Perhaps already you may know
Sir Blennerhasset Portico?
A Captain in the Navy, he—
A Baronet and K. C. B.
You do? I thought so!
It was that captain's favourite whim
(A notion not confined to him)
That Rodney was the greatest tar
Who ever wielded capstan-bar.
He had been taught so.
Benbow? Cornwallis?
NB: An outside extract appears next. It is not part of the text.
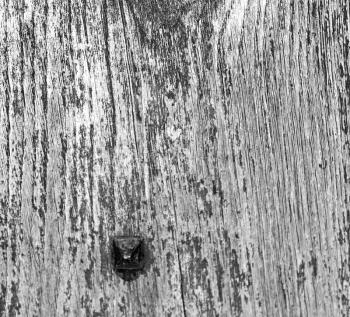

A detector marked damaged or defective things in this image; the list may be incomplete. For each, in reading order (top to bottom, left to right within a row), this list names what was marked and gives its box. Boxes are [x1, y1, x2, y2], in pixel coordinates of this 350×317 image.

rusted fastener [111, 235, 146, 278]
Hood?—Belay!
Compared with Rodney”—he would say—
“No other tar is worth a rap;
The great Lord Rodney was the chap
The French to polish!

427

Though, mind you, I respect Lord Hood;
Cornwallis, too, was rather good;
Benbow could enemies repel;
Lord Nelson, too, was pretty well—
That is, tol-lol-ish!”
Sir Blennerhasset spent his days
In learning Rodney's little ways,
And closely imitated, too,
His mode of talking to his crew—
His port and paces.
An ancient tar he tried to catch
Who'd served in Rodney's famous batch;
But since his time long years have fled,
And Rodney's tars are mostly dead:
Eheu fugaces!
But after searching near and far,
At last he found an ancient tar
Who served with Rodney and his crew
Against the French in 'eighty-two
(That gained the peerage).
He gave him fifty pounds a year,
His rum, his baccy, and his beer;
And had a comfortable den
Rigged up in what, by merchantmen,
Is called the steerage.
“Now, Jasper”—'twas that sailor's name—
“Don't fear that you'll incur my blame
By saying, when it seems to you,
That there is anything I do
That Rodney wouldn't.”

428

The ancient sailor turned his quid,
Prepared to do as he was bid:
“Ay, ay, yer honour; to begin,
You've done away with ‘swifting in’—
Well, sir, you shouldn't!
“Upon your spars I see you've clapped
Peak-halliard blocks, all iron-capped;
I would not christen that a crime,
But 'twas not done in Rodney's time.
It looks half-witted!
Upon your maintop-stay, I see,
You always clap a selvagee;
Your stays, I see, are equalised—
No vessel, such as Rodney prized,
Would thus be fitted.
“And Rodney, honoured sir, would grin
To see you turning deadeyes in,
Not up, as in the ancient way,
But downwards, like a cutter's stay—
You didn't oughter!
Besides, in seizing shrouds on board,
Breast backstays you have quite ignored;
Great Rodney kept unto the last
Breast backstays on topgallant mast—
They make it tauter.”
Sir Blennerhasset “swifted in,”
Turned deadeyes up, and lent a fin
To strip (as told by Jasper Knox)
The iron capping from his blocks,
Where there was any.

429

Sir Blennerhasset does away
With selvagees from maintop-stay;
And though it makes his sailors stare,
He rigs breast backstays everywhere—
In fact, too many.
One morning, when the saucy craft
Lay calmed, old Jasper toddled aft.
“My mind misgives me, sir, that we
Were wrong about that selvagee—
I should restore it.”
“Good,” said the captain, and that day
Restored it to the maintop-stay.
Well-practised sailors often make
A much more serious mistake,
And then ignore it.

430

Next day old Jasper came once more:
“I think, sir, I was right before.”
Well, up the mast the sailors skipped,
The selvagee was soon unshipped,
And all were merry.
Again a day, and Jasper came:
“I p'raps deserve your honour's blame,
I can't make up my mind,” said he,
“About that cursed selvagee—
It's foolish—very.
“On Monday night I could have sworn
That maintop-stay it should adorn,
On Tuesday morning I could swear
That selvagee should not be there.
The knot's a rasper!”
“Oh, you be hanged!” said Captain P.,
“Here, go ashore at Caribbee.
Get out—good-bye—shove off—all right!”
Old Jasper soon was out of sight—
Farewell, old Jasper!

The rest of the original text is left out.